The record before this court is silent with regard to notice to the wards. Iowa Rule of Civil Procedure 82(g) requires proof of service to be filed in the clerk’s office. Because there is no proof of service present in this record relating to the final report (which also included the request for conservator and attorney fees) we must conclude no notice of the final report was served on the wards.

Until notice is properly served upon the wards, the probate court is without authority to adjudicate the rights of the wards, c.f Board of Education In and For Essex Independent School District, Page County v. Board of Education In and For Montgomery County, 251 Iowa 1085, 104 N.W.2d 590 (1960) (absent proper statutory notice, state department without authority to adjudicate the rights of the parties not in court), and the approval of the final report is not final as to them. See Heller, 401 N.W.2d at 605-06.

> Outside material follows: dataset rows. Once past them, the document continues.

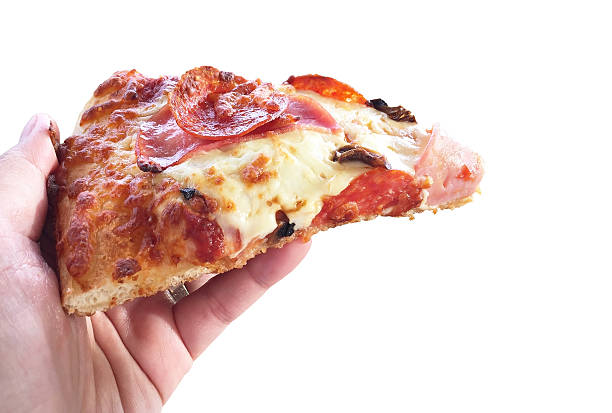 istock Woman hand holding slice pizza isolated on white background 578278156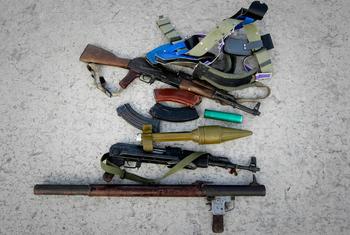 Weapons seized from suspected members of the Islamic insurgent group Al Shabaab are put on show in Mogadishu, Somalia.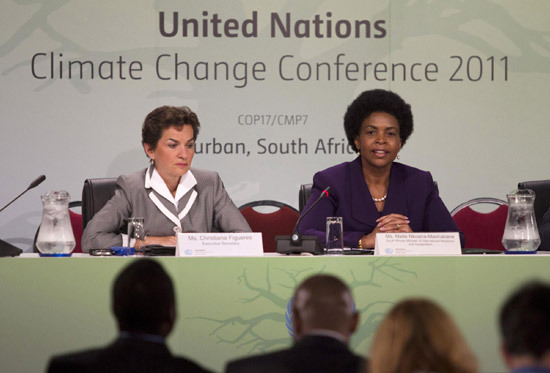 COP 17 President Maite Nkoana-Mashabane speaks during a press conference with Executive Secretary of the United Nations Framework Convention on Climate Change (UNFCCC) Christiana Figueres (L) at the Conference of the Parties (COP17) of the United Nations Climate Change Conference in Durban, November 30, 2011. [Agencies]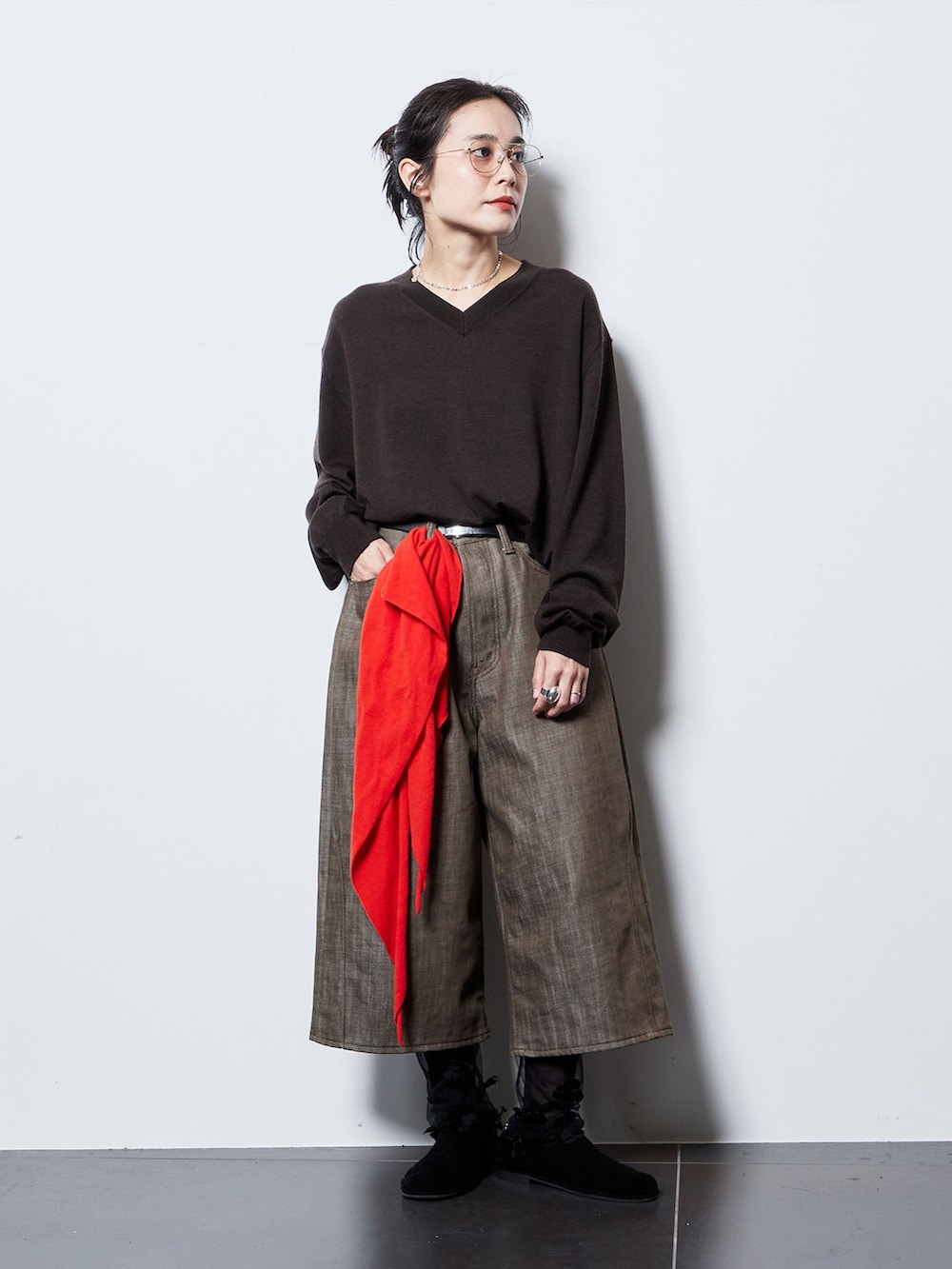 ブラック系のその他アウター、ブラウン系のデニムパンツ、ブラウン系のニット/セーターを着用したレディースの秋コーディネートの2枚目の写真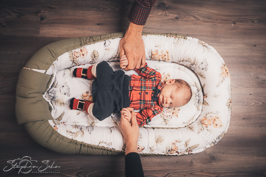Baby in einer Babyschale und beiden Händen der Eltern - Familienfotograf Brüggen Stephan Sohn
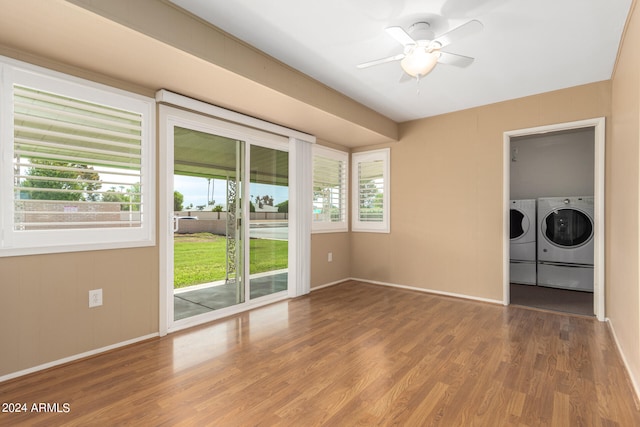 empty room featuring wood-type flooring, ceiling fan, and washing machine and clothes dryer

We remand to the district court to prescribe the necessary notice to be served on the wards.

We do not intend by this opinion to infer whether, after proper notice, the trial court should approve or disapprove of Steege’s final report, including the request for Turner’s attorney fees. The record made to date is not sufficient for such a determination.

Costs on appeal are taxed to appellee.

REVERSED AND REMANDED. 
      
      . This report was originally ordered submitted prior to July 1, 1982. No explanation for the delay appears in the record.
     
      
      . It appears Leslie Turner represented the con-servatorship from January 25, 1979, through October 1, 1982.
     
      
      .There is no explanation in the record why this fee award was not paid but, instead, remained a lien against conservatorship property and was allowed to accrue interest at a rate of 10% per annum.
     
      
      . Section 633.34 provides, "All actions triable in probate shall be governed by the Rules of Civil Procedure, except as provided otherwise in this Code."
     
      
      . We conclude the award of attorney fees to Turner, although entered on a different date than the approval of the final report, was an integral part of the final report. The order awarding the fees was also entered without notice and can still be challenged by the wards.